As of February 28, 2025, the loan balance, net of unamortized debt issuance costs, was $913,924, and the aggregate loan balance was $1,000,000. On February 28, 2025, the Company paid the $1,000,000 total loan balance to Conduit as the Company had gross proceeds from equity offerings in excess of $4.4 million (see Note 9, Equity, for further details). As a result of this complete repayment, the Conduit note has been terminated and no further principal, interest or accrual thereunder remain following the repayment and related termination of the Conduit loan agreement(s).

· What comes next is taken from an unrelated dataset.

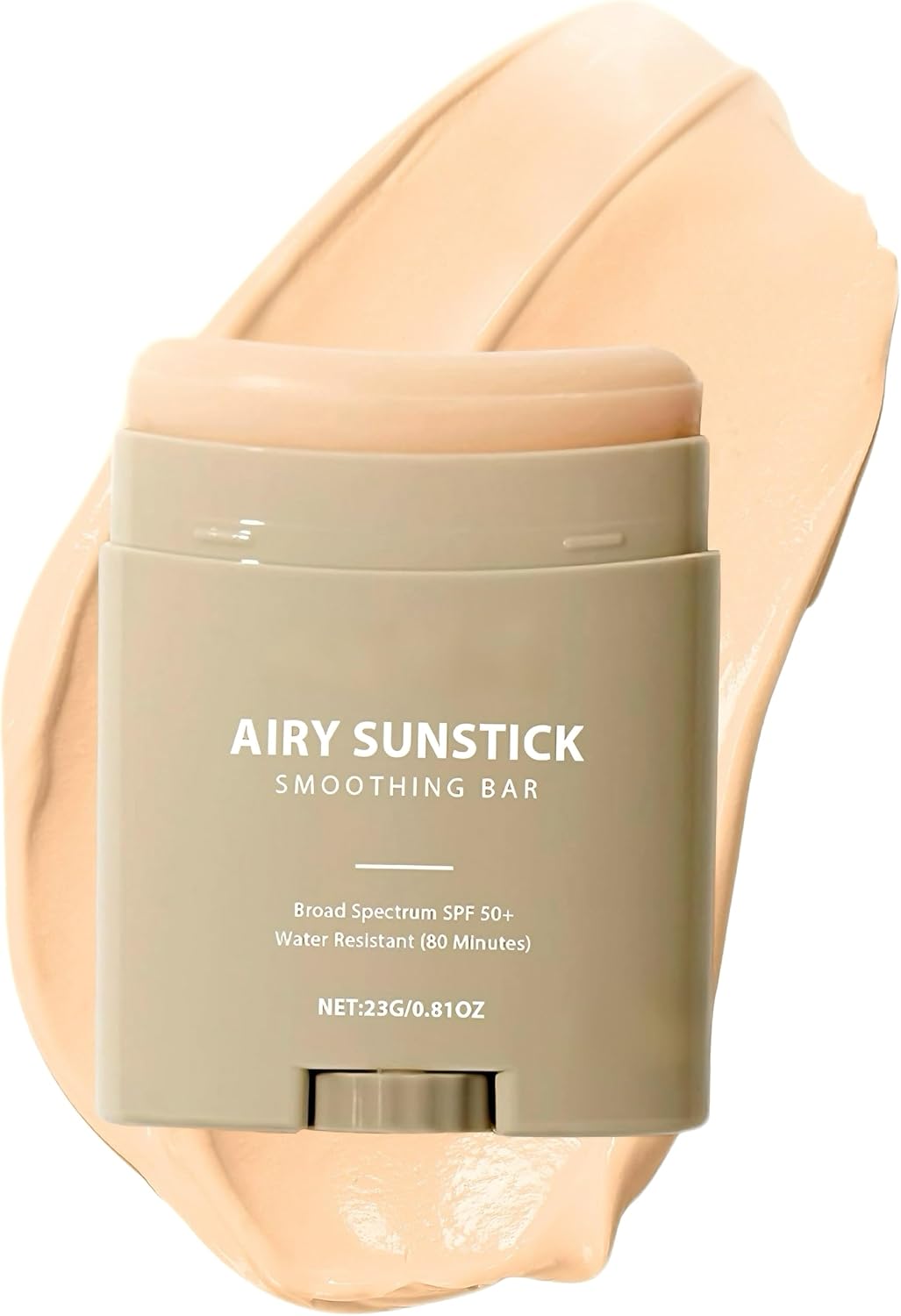 Sunscreen Stick SPF 50+ – Korean Semi-Matte Sun Protection Bar, No White Cast, Lightweight, Water-Resistant Sunblock for Face & Body, 0.81 oz / 23g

The Company recorded a loss on extinguishment of debt of $57,716 in connection with the repayment of the loan, which represents the difference between (a) the aggregate repayment amount and (b) the carrying amount of the loan at the repayment date, which included the outstanding principal balance, plus the fair value of the embedded derivative liability, and less unamortized debt issuance costs.
The Company recorded interest and accretion expense of $33,312 and $0 for the three months ended March 31, 2025 and 2024, respectively.
MBB Energy Bridge Loan
On July 22, 2024, the Company obtained bridge loan financing for working capital purposes from MBB Energy, LLC (“MBB”), an affiliate of the Company (the “Original MBB Note”). On such date, MBB loaned the principal sum of $500,000 to the Company on an OID basis of 20% and accordingly, MBB advanced the sum of $400,000 to the Company (the “Initial MBB Loan”). The loans due to MBB accrued interest on the unpaid principal amount, without deduction for the OID, at an annual rate of 20%; provided that payment in full on the MBB Maturity Date (as defined below) satisfied the interest accrual on the loans from initial issuance to the Conduit Maturity Date. The Company could request that MBB provide additional advances for working capital on identical terms, conditions and interest rate as the Initial MBB Loan on an OID basis, up to an aggregate principal sum of $500,000, and MBB had the right, without commitment or obligation, to make such requested loan(s) by advancing 80% percent of the principal thereof. All such loans were secured by a pledge of all of the Company’s assets. MBB has granted Conduit the exclusive right to enforce MBB’s loans on MBB’s behalf.
The loans due to MBB were scheduled to become due on July 21, 2025 (the “MBB Maturity Date”). In accordance with the terms of the loan agreements with MBB, if the Company consummated one or more equity offerings prior to the MBB Maturity Date in which it derived aggregate gross proceeds of at least $3.15 million, it was required to repay the unpaid principal balance of the Initial MBB Loan, including the OID, simultaneous with the closing(s) of such offering(s). Further, if the Company consummated one or more equity offerings prior to the MBB Maturity Date in which the Company derived aggregate gross proceeds of at least $4.4 million, the Company was required to repay the entire unpaid principal amount of all loans due to MBB, including the OID, simultaneous with the closing(s) of such offering(s).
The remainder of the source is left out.